▸ THE DATA:
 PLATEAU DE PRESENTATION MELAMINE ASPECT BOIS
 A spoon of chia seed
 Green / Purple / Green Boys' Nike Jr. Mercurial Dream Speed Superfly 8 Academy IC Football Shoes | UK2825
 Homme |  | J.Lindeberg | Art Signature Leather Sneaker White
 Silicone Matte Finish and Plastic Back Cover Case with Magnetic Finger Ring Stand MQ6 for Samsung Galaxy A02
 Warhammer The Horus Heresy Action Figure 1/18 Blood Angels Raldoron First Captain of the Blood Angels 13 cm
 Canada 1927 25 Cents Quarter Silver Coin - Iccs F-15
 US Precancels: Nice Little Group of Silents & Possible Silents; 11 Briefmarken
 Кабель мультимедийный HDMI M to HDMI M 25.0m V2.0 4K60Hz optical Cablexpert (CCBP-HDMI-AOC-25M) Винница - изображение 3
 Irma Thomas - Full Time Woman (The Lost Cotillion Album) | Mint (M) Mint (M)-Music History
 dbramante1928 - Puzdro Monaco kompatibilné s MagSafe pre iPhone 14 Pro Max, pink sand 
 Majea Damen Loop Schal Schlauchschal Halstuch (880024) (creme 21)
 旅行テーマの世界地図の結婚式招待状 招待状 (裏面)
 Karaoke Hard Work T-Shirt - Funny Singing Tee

▸ WHAT THE TASK ASKS:
Extract, please, the lines from the start of the entries above through the one with "Canada 1927 25", both included, reproducing each exactly and adding nothing.

▸ RESULT BELOW:
 PLATEAU DE PRESENTATION MELAMINE ASPECT BOIS
 A spoon of chia seed
 Green / Purple / Green Boys' Nike Jr. Mercurial Dream Speed Superfly 8 Academy IC Football Shoes | UK2825
 Homme |  | J.Lindeberg | Art Signature Leather Sneaker White
 Silicone Matte Finish and Plastic Back Cover Case with Magnetic Finger Ring Stand MQ6 for Samsung Galaxy A02
 Warhammer The Horus Heresy Action Figure 1/18 Blood Angels Raldoron First Captain of the Blood Angels 13 cm
 Canada 1927 25 Cents Quarter Silver Coin - Iccs F-15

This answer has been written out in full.